* _Aim of the task_:
Please return the data that follows precisely as written, but without the images.

* _Dataset extract_:
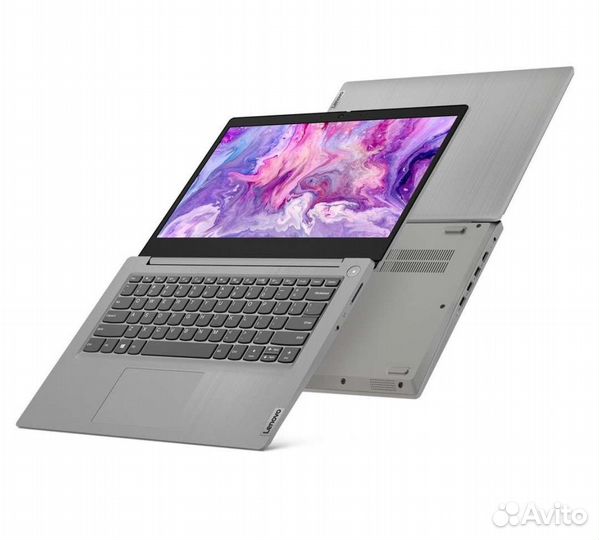 Ноутбук Lenovo IdeaPad 3, Ryzen 5, 12Гб, 512Гб SSD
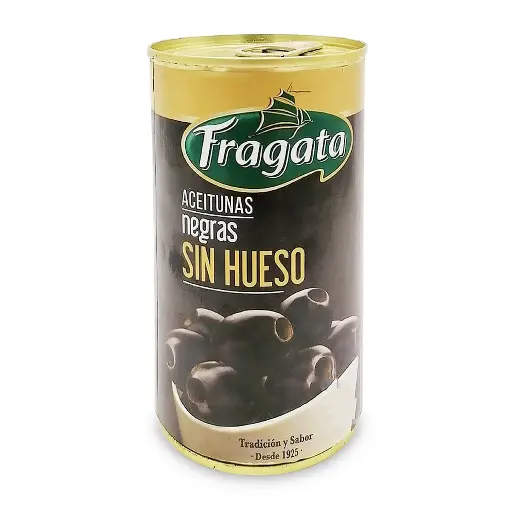 Fragata Pitted Black Olives XL 200g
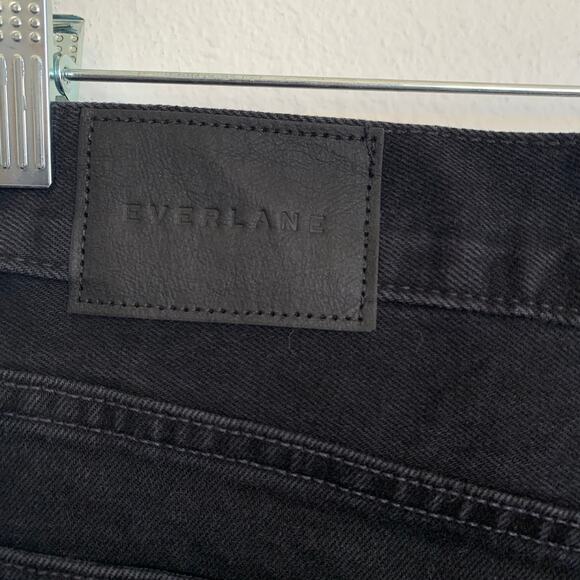 NWT Everlane The Slim Fit Jean in Black - Picture 7 of 12
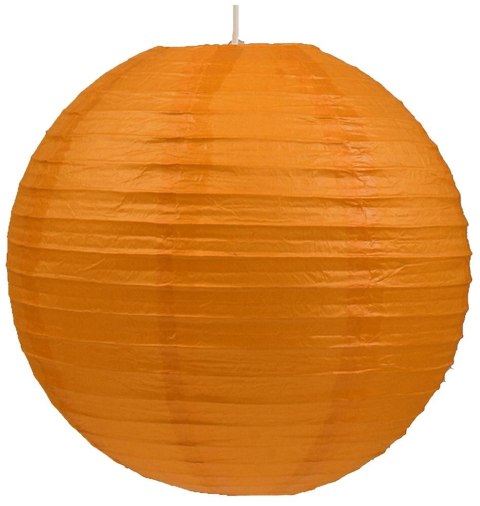 ABAŻUR PAPIEROWY-KOKON KULA PAPIEROWA 60 POMARAŃCZ ABAŻUR PAPIEROWY-KOKON KULA PAPIEROWA 60 POMARAŃCZ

* _The answer_:
 Ноутбук Lenovo IdeaPad 3, Ryzen 5, 12Гб, 512Гб SSD
 Fragata Pitted Black Olives XL 200g
 NWT Everlane The Slim Fit Jean in Black - Picture 7 of 12
 ABAŻUR PAPIEROWY-KOKON KULA PAPIEROWA 60 POMARAŃCZ ABAŻUR PAPIEROWY-KOKON KULA PAPIEROWA 60 POMARAŃCZ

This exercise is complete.